Task instructions:
Copy the lines below exactly, starting at the one with "Molecular Structure of" and ending at the one with "手串琥珀未镶嵌精品蜜蜡小熊diy手串", and leave out any picture.

Records for this exercise:
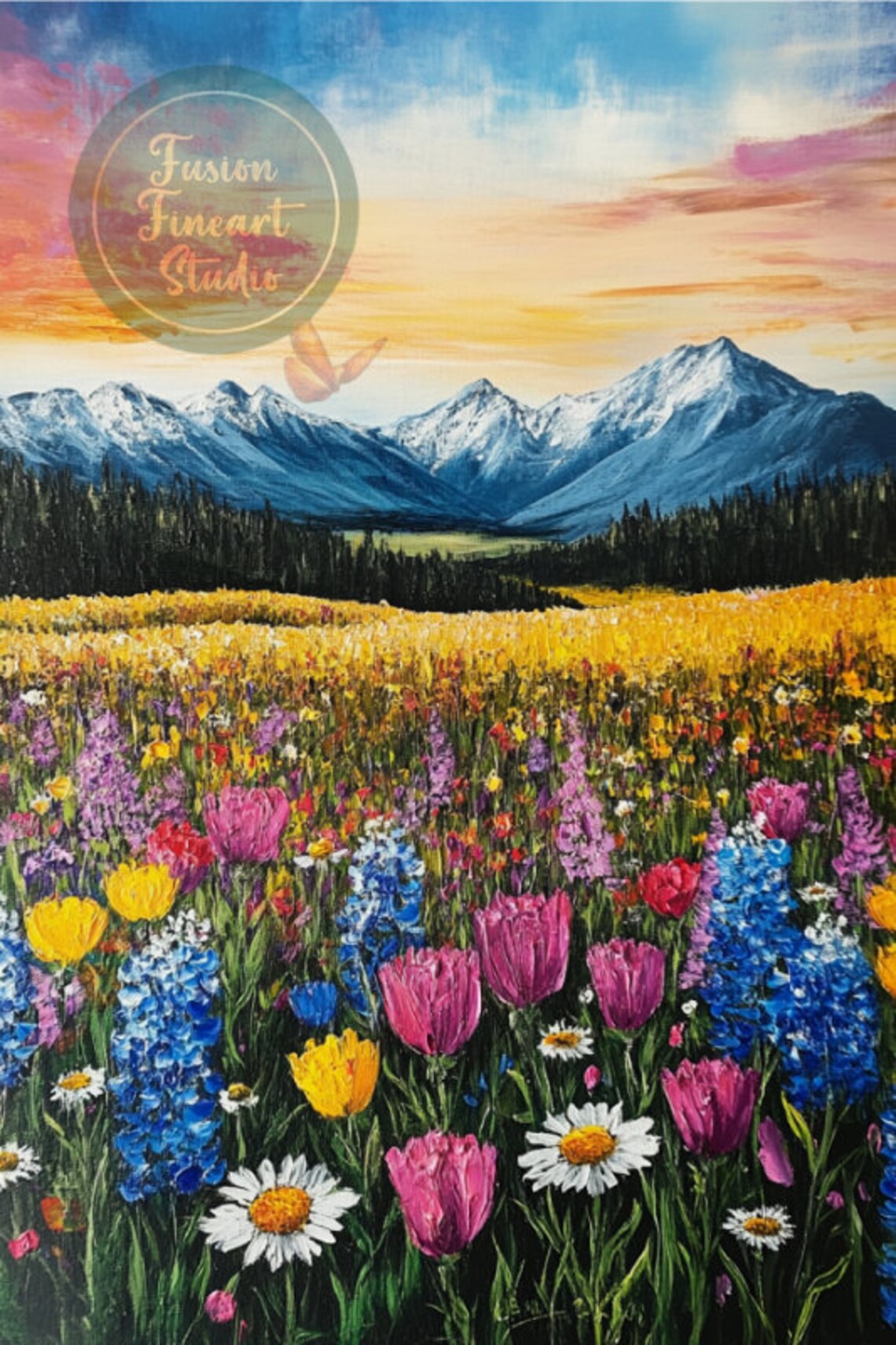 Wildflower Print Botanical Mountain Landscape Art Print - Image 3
* * *
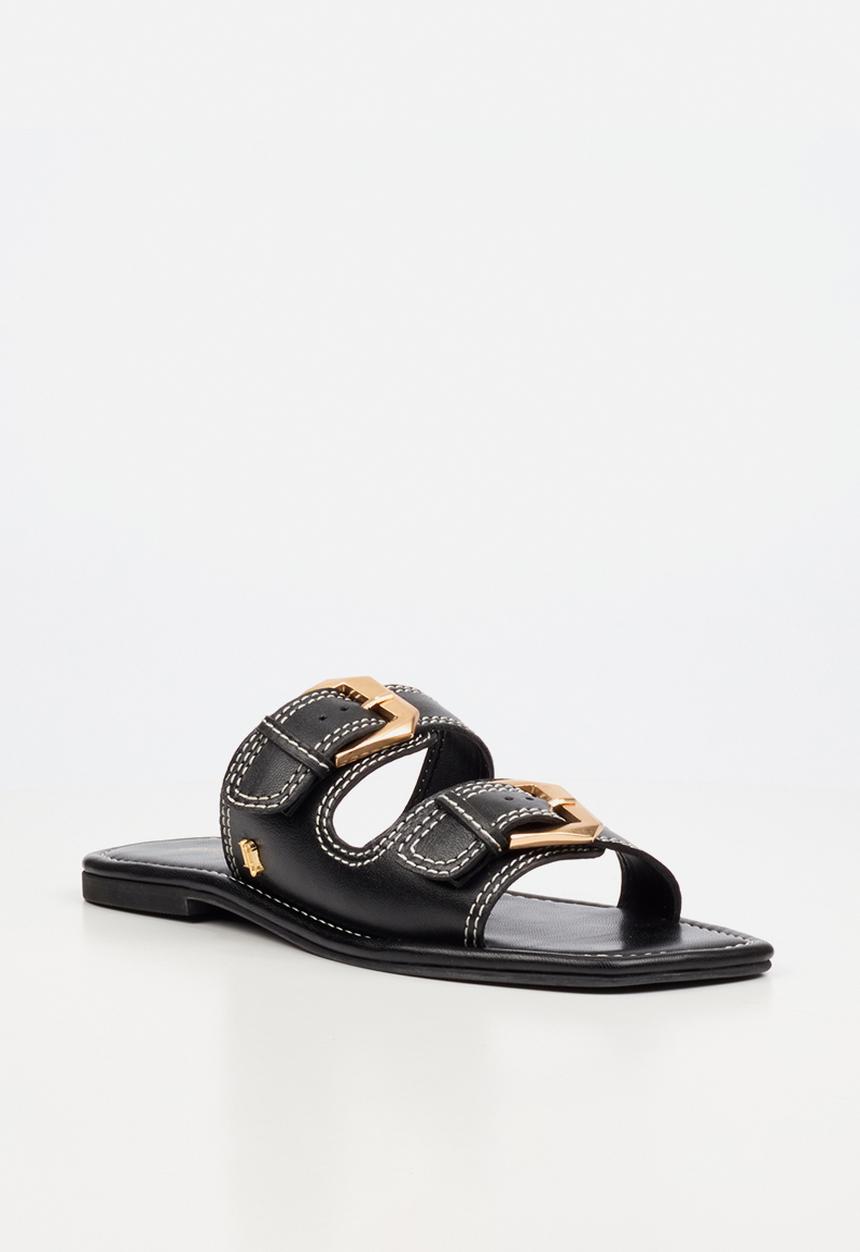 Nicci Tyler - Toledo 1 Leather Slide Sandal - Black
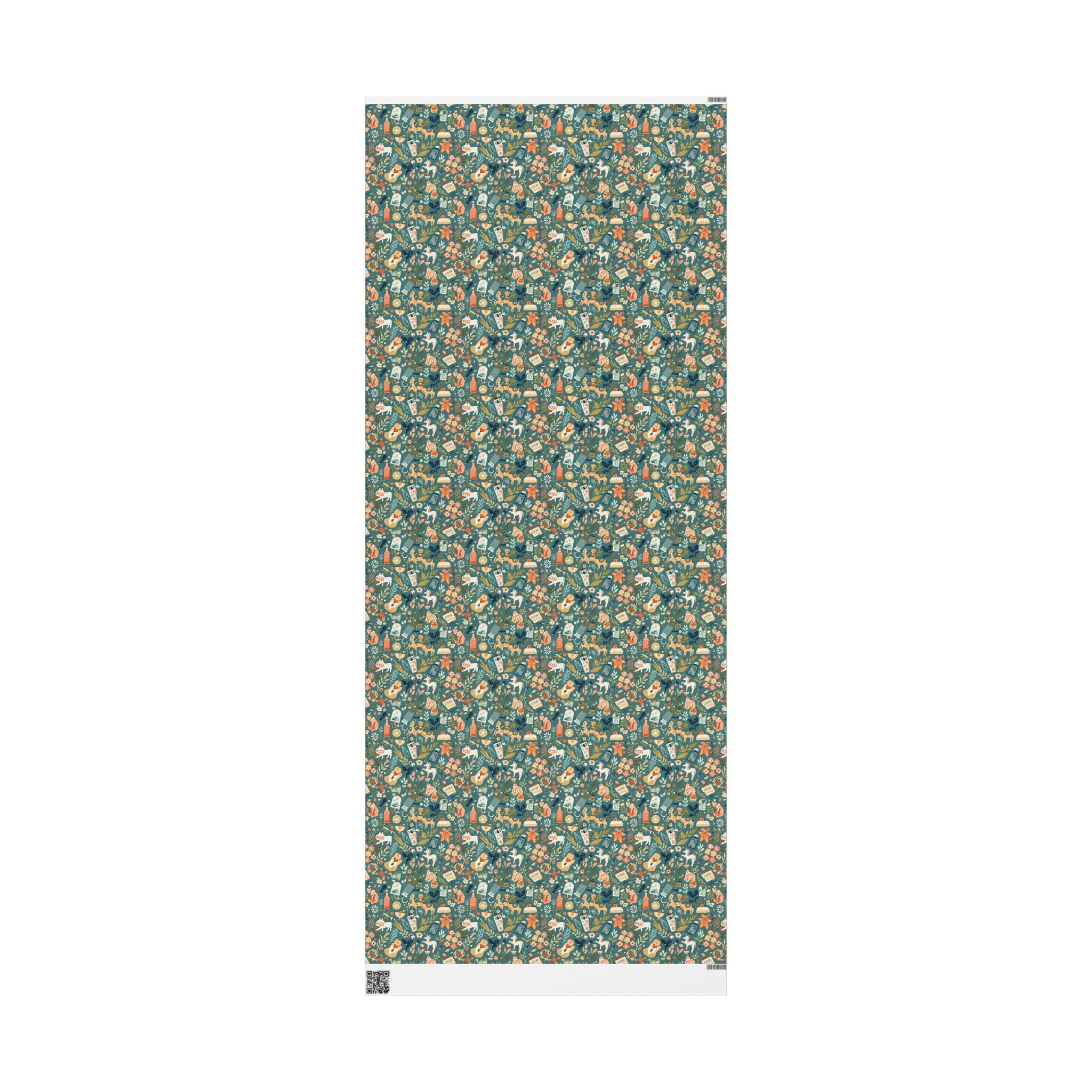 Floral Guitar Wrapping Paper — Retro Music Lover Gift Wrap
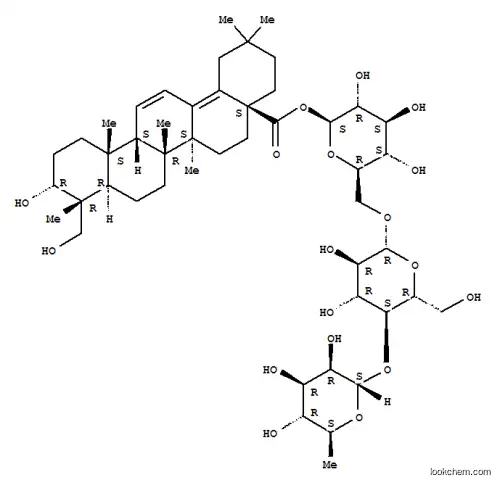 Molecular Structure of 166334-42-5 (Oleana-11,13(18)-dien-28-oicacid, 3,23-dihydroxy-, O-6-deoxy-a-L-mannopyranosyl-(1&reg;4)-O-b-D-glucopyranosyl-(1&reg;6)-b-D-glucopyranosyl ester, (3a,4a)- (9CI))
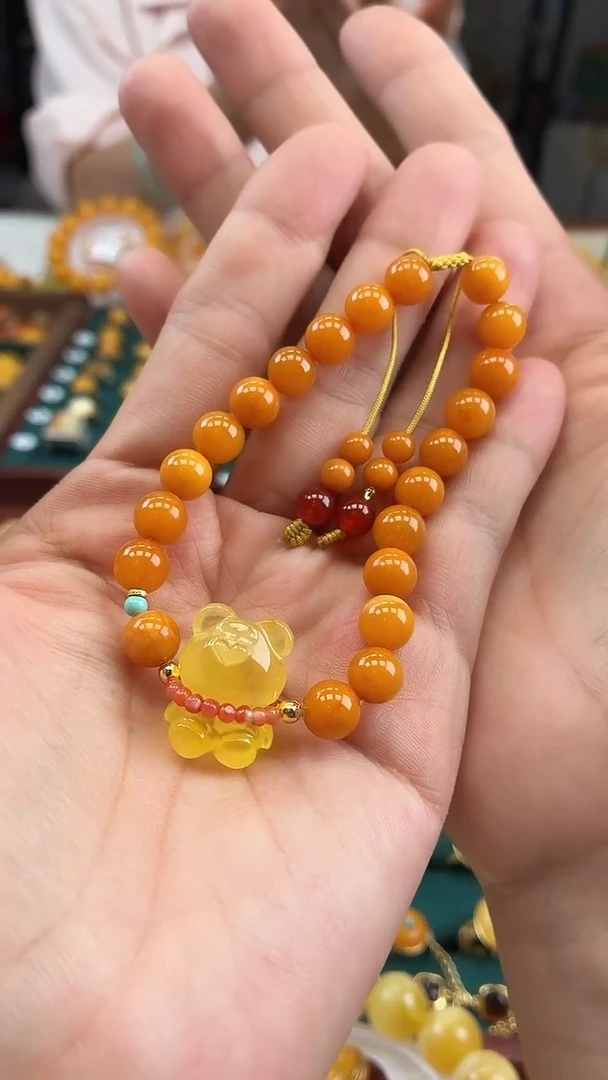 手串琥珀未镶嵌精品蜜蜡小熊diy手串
...
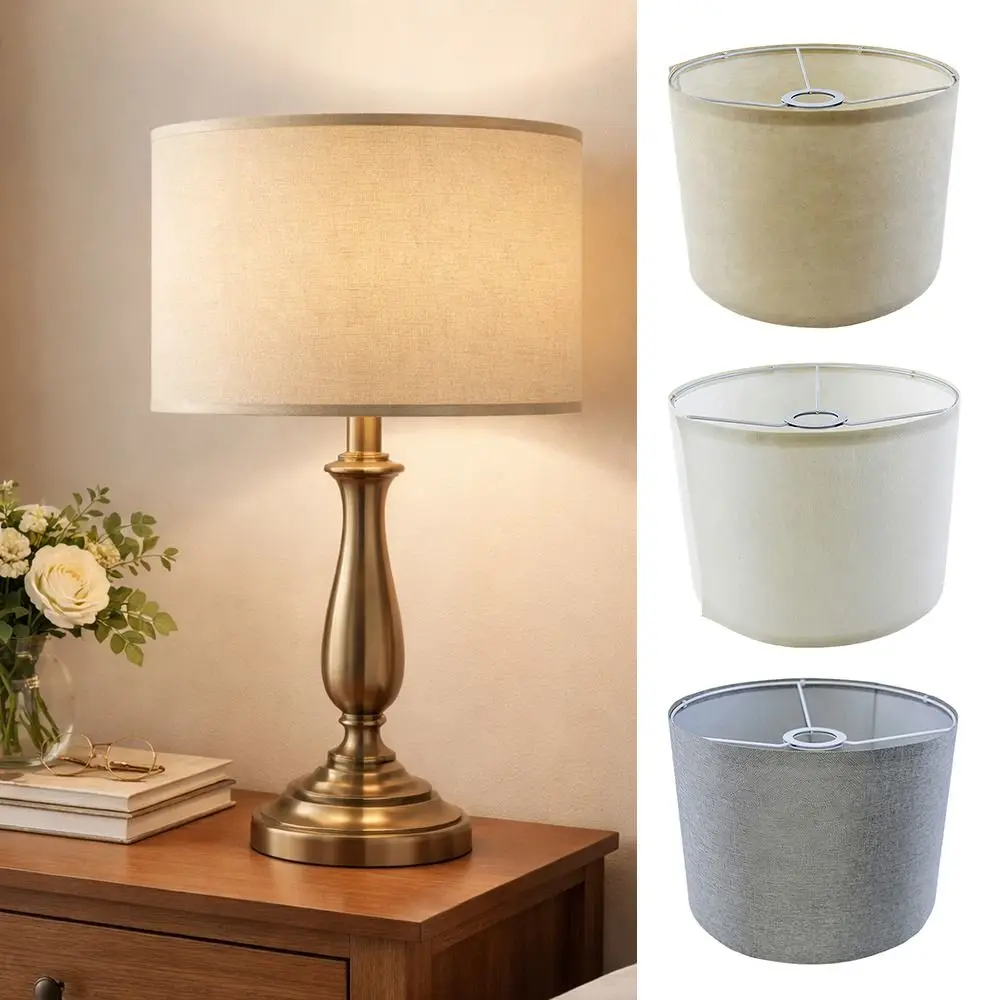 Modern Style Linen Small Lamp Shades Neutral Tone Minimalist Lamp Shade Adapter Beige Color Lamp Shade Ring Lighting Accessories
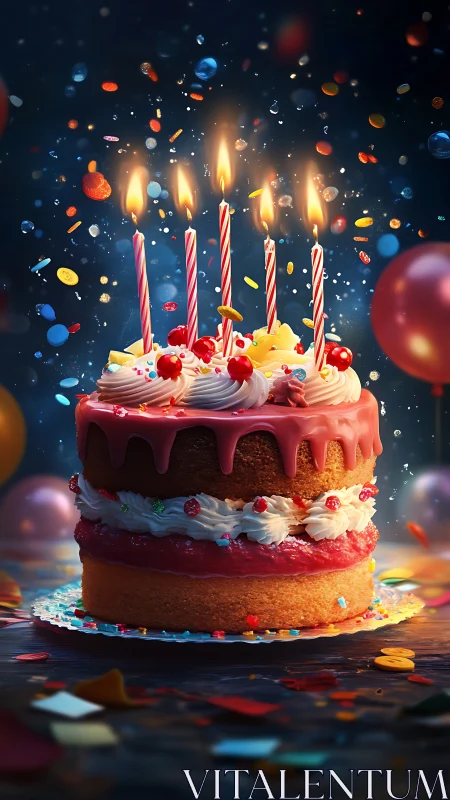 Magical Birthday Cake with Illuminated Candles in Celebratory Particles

Reply to the task:
 Molecular Structure of 166334-42-5 (Oleana-11,13(18)-dien-28-oicacid, 3,23-dihydroxy-, O-6-deoxy-a-L-mannopyranosyl-(1&reg;4)-O-b-D-glucopyranosyl-(1&reg;6)-b-D-glucopyranosyl ester, (3a,4a)- (9CI))
 手串琥珀未镶嵌精品蜜蜡小熊diy手串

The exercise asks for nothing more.